In a 2017 review by Daniel Fienberg for The Hollywood Reporter, he stated "Conan’s global adventures have become his TBS show's greatest piece of differentiation from the dozen other shows in the late night and talk show space."

O'Brien himself reflected in an interview with Stephen Colbert in 2017 that the show helped him fulfill his "greatest joy" in "trying to make people laugh that don't even speak English, don't know who I am. [...] It's a little bit of sort of diplomacy through comedy.

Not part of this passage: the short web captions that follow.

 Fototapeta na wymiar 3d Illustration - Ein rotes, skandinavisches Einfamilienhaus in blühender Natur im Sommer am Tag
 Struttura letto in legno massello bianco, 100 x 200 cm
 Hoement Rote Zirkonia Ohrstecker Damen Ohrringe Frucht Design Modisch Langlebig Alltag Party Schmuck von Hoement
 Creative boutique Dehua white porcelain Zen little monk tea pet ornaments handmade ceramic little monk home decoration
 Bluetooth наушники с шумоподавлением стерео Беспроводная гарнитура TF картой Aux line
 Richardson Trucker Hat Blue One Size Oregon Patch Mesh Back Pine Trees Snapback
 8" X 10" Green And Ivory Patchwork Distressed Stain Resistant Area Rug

I like to show that Americans are curious, we're humbled. We're okay to look ridiculous. It's okay if you laugh at us."

==Episodes==

| No. | Title | Guest(s) | Destination | Original release date |
| 1 | "Conan in Cuba" | N/A | Cuba | March 14, 2015 |
With relations between the United States and Cuba improving, O'Brien and a film crew went to Havana for four days around the weekend of February 14–15 to tape segments for an episode. Conan visited a cigar factory and learned the rumba. The episode marks the first time an American late-night talk show has filmed in Cuba since Jack Paar interviewed Fidel Castro on The Tonight Show in 1959.
| 2 | "Conan in Armenia" | Sona Movsesian | Armenia | November 17, 2015 |
The episode centered around taking his long-time assistant Sona Movsesian back to her ancestral homeland of Armenia to connect with her heritage.

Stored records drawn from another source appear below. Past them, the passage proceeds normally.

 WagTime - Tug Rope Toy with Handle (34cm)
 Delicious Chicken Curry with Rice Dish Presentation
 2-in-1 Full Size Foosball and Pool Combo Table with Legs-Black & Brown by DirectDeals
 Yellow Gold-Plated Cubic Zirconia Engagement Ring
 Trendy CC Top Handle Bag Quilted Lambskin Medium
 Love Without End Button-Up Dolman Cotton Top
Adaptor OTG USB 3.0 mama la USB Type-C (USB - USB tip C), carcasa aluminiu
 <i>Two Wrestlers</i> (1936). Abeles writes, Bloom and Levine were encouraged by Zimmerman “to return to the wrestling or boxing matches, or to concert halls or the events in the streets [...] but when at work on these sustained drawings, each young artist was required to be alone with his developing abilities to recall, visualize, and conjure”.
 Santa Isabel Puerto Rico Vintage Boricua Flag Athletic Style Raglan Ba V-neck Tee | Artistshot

| 3 | "Conan in Qatar" | Michelle Obama | Qatar | January 25, 2016 |
Conan traveled to the Al Udeid Air Base in Qatar with First Lady Michelle Obama. The episode's alternative title was Mission Conan.

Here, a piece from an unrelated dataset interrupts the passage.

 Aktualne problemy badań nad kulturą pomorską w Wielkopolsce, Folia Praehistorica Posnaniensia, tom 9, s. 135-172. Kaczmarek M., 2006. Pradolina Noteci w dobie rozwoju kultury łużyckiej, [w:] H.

| 4 | "Conan Does Korea" | Steven Yeun | South Korea North Korea | April 9, 2016 |
Conan traveled to South Korea along with Steven Yeun; the visit also included a trip to the Korean DMZ, technically resulting in an additional trip by crossing the border into North Korea.
| 5 | "Conan in Berlin" | Flula Borg | Germany | December 7, 2016 |
Conan traveled to Berlin, Germany along with Bavarian comedian Flula Borg.
| 6 | "Conan Without Borders: Made in Mexico" | Diego Luna, Vicente Fox, and Sofia Niño De Rivera | Mexico | March 1, 2017 |
The visit was made in response to the actions and effort made by President Donald Trump to build a wall across the southern border. Guests included Diego Luna and Vicente Fox, and stand-up performance from Sofia Niño De Rivera.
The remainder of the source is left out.